Each line in the records below, from the one that contains "Is Love The Culprit [FanArt]" to the one that contains "Used 2021 Jeep", should be reproduced exactly, the first and last included.

→ **Dataset records**
┏━━

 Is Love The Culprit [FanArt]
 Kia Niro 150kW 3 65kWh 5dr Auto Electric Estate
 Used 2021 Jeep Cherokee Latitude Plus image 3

┗━━
┏━━

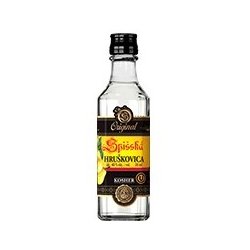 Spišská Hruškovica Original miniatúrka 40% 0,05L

┗━━

→ **Expected answer**
 Is Love The Culprit [FanArt]
 Kia Niro 150kW 3 65kWh 5dr Auto Electric Estate
 Used 2021 Jeep Cherokee Latitude Plus image 3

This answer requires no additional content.